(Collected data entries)

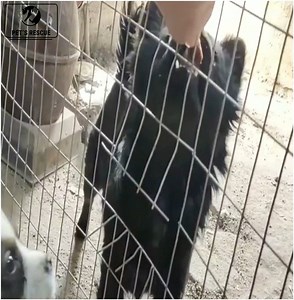 43 reactions | The cute and timid little flower dog often barks, When will this timid puppy find its owner | Pet Lovers | Facebook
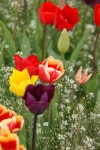 [알라딘서재]Bouquet Bouquet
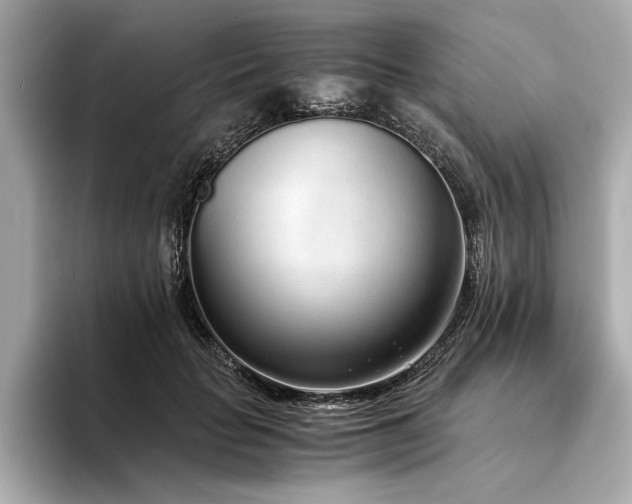 X0000094320653200711021352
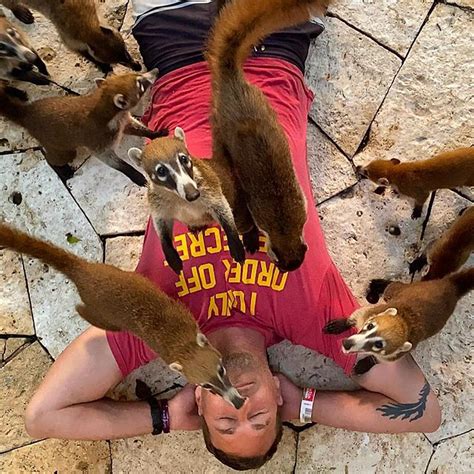 Why is Brandon McMillan leaving Lucky Dog? | The US Sun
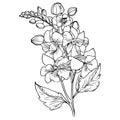 water lily larkspur july birth flower tattoo, how to draw lafkspur flower, delphinium flower pencil adrt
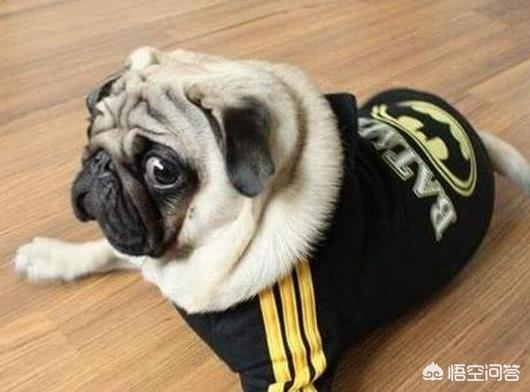 八哥狗图片:饲养巴哥犬，需要知道什么呢？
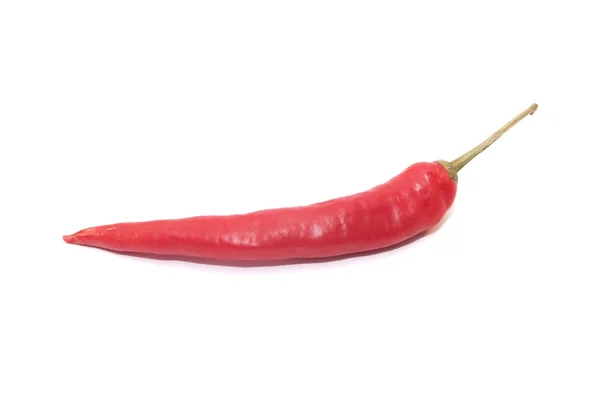 Papryka chili — Zdjęcie stockowe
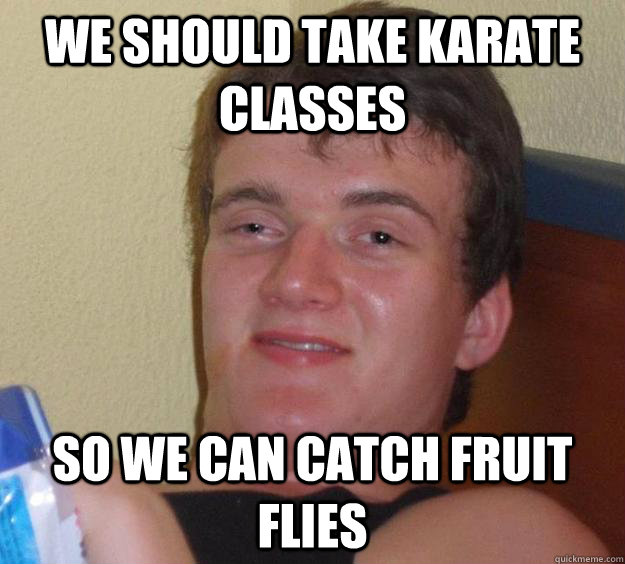we should take karate classes so we can catch fruit flies - 10 Guy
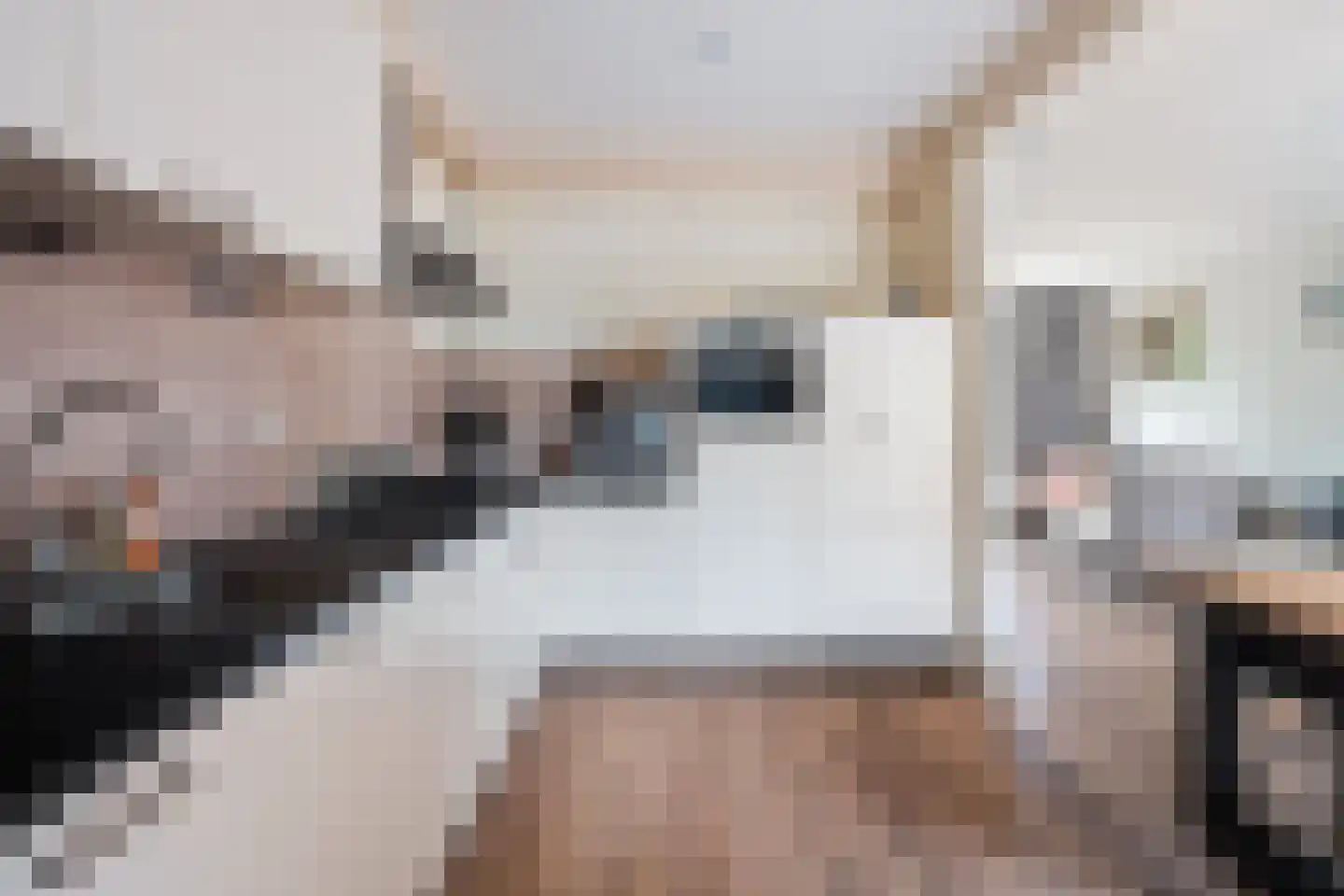Sinia 6 Grou thumbnail 9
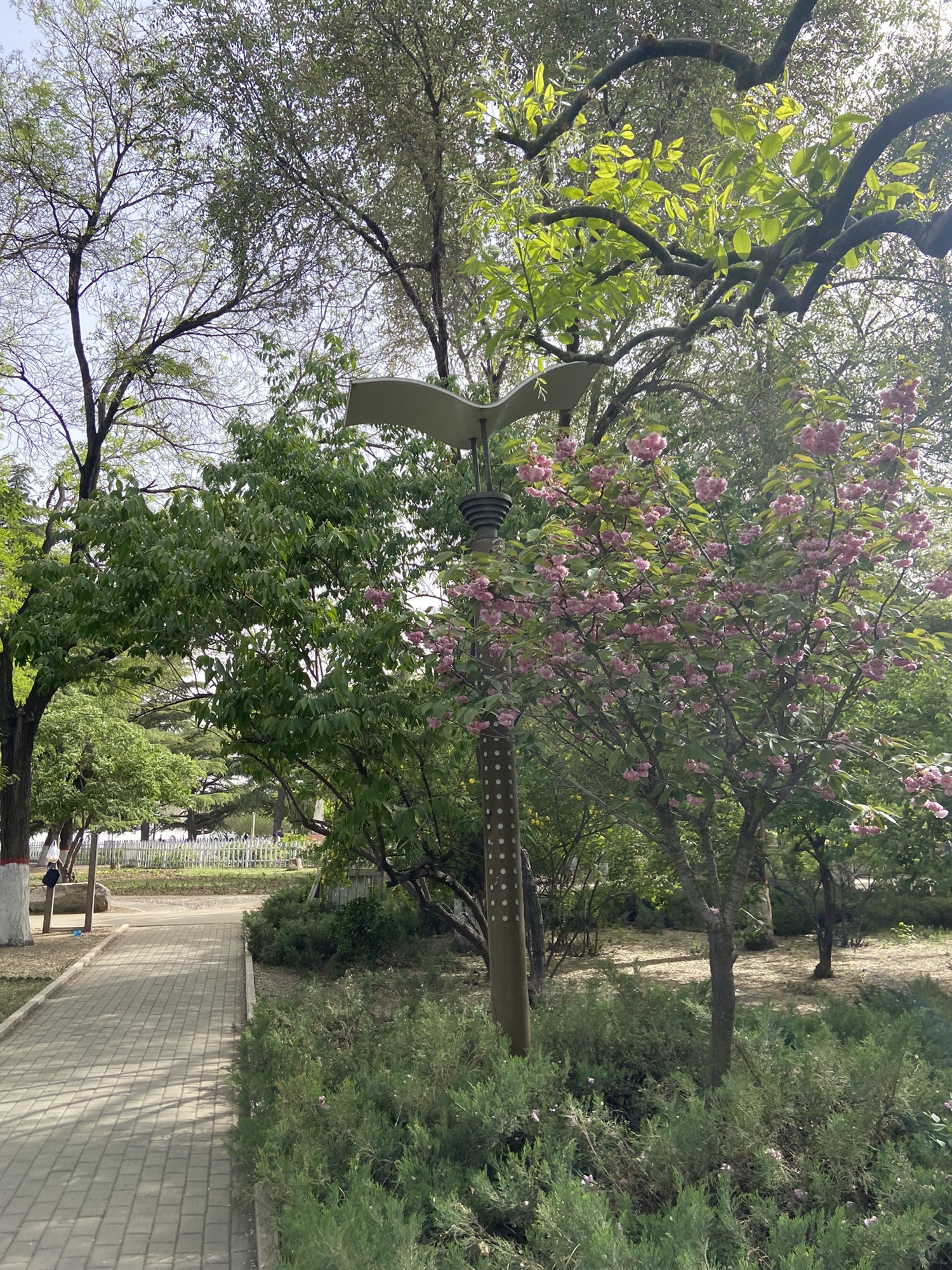 保定市东风公园旅行图片 3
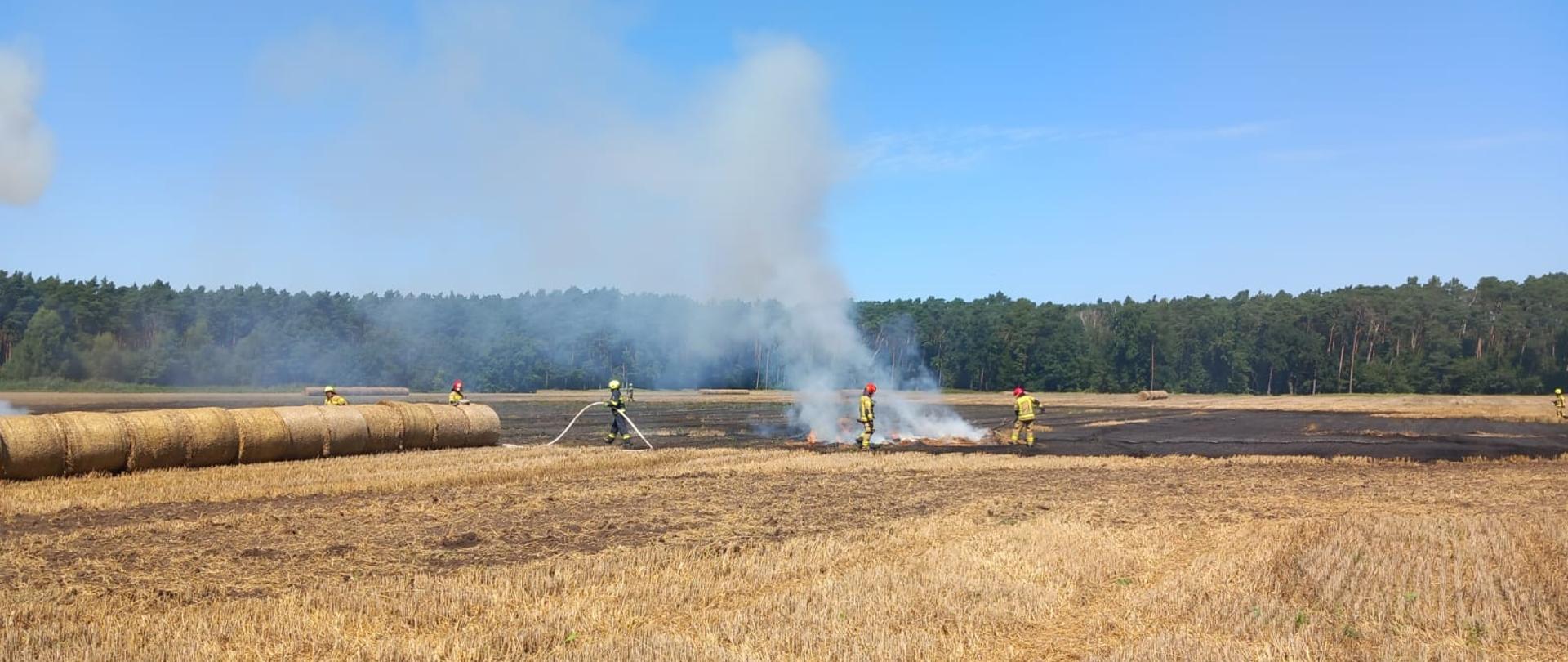 Zdjęcie przedstawia akcję gaśniczą pożaru na polu uprawnym. W centralnej części obrazu unosi się gęsty biały dym, który wydobywa się spod palących się bel słomy. Na polu znajduje się kilka dużych, okrągłych bel ułożonych w rzędzie. Strażacy w żółtych hełmach i specjalistycznych strojach pracują nad opanowaniem pożaru – część z nich trzyma węże gaśnicze i kieruje strumień wody na ogień. W dolnej części zdjęcia stoi czerwony wóz strażacki. W tle widoczny jest pas lasu, a nad nim błękitne niebo. Całość ma miejsce w słoneczny dzień, na świeżo ściętym polu.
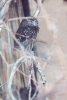 Elf Owl - Sonoran Desert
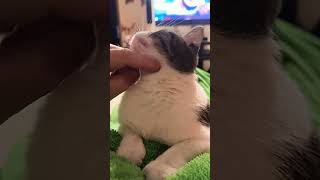 Мурчит Как Трактор #Catvideos  #Shortvideo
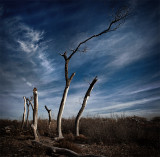 The Bones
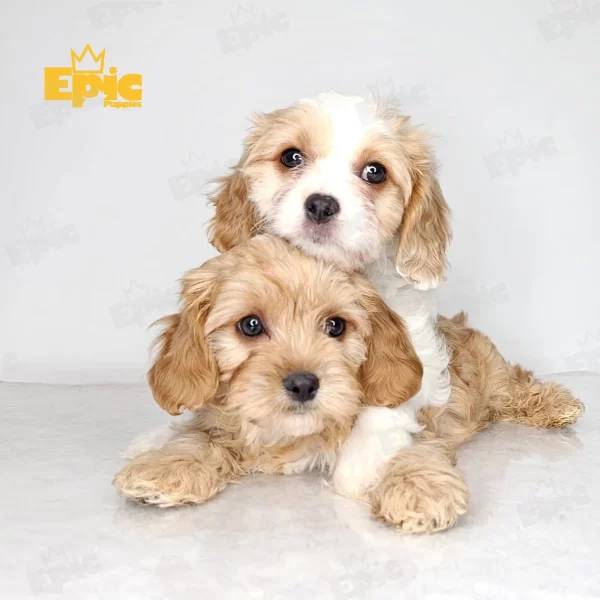 Cavapoo Blenheim Female - Image 2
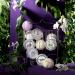 Father's Day Essential Oil Shower Steamers & Bath Bombs Set - 11pc Aromatherapy Relaxation Gift with Lavender, Peppermint, Vanilla, Coconut, Eucalyptus, and Honey Almond Scents - Perfect Gift for Women - Buy Online on GoSupps.com
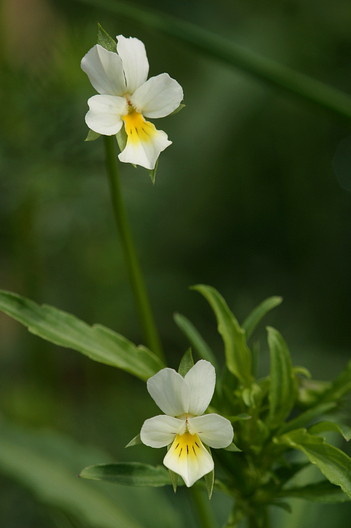 Ackerstiefmütterchen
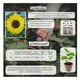 thumbnail image 3 of Semillas Girasol Gigante Vita, 3 of 5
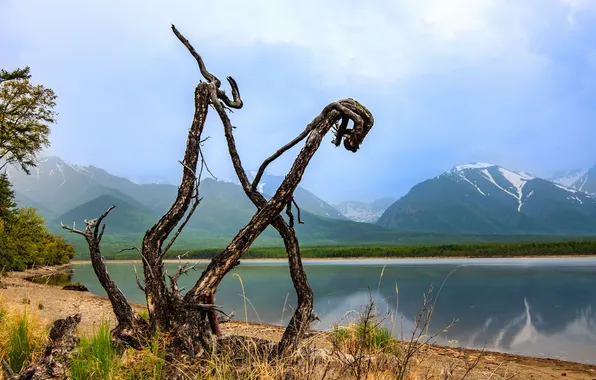 Mountains, lake, beauty, horizon, dried tree, Greetings to the prishcheltsev, Tamara Dobrolyubova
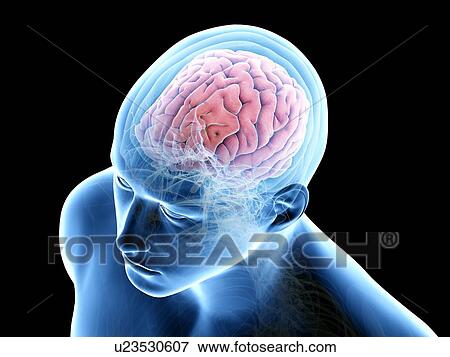 Human brain, illustration View Large Photo Image Stock Photo - Human brain, illustration. Fotosearch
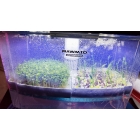 Микроферма RAWMID Dream Sprouter SDM-02 (проращиватель и выращиватель)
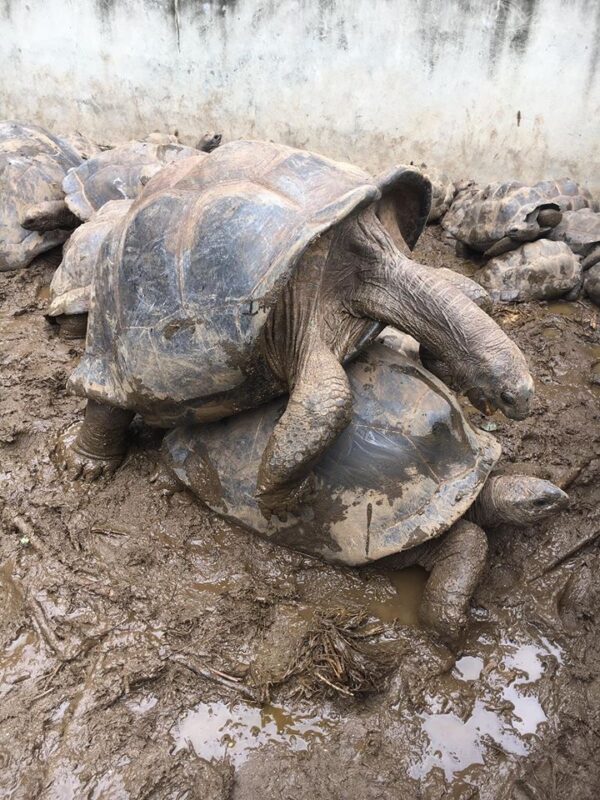 adult male and female aldabra giant tortoises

* Your assignment
Starting with the line containing "Human brain, illustration View" and ending with the last line of the records above, write out each line exactly; no pictures.

* Solution for this exercise
 Human brain, illustration View Large Photo Image Stock Photo - Human brain, illustration. Fotosearch
 Микроферма RAWMID Dream Sprouter SDM-02 (проращиватель и выращиватель)
 adult male and female aldabra giant tortoises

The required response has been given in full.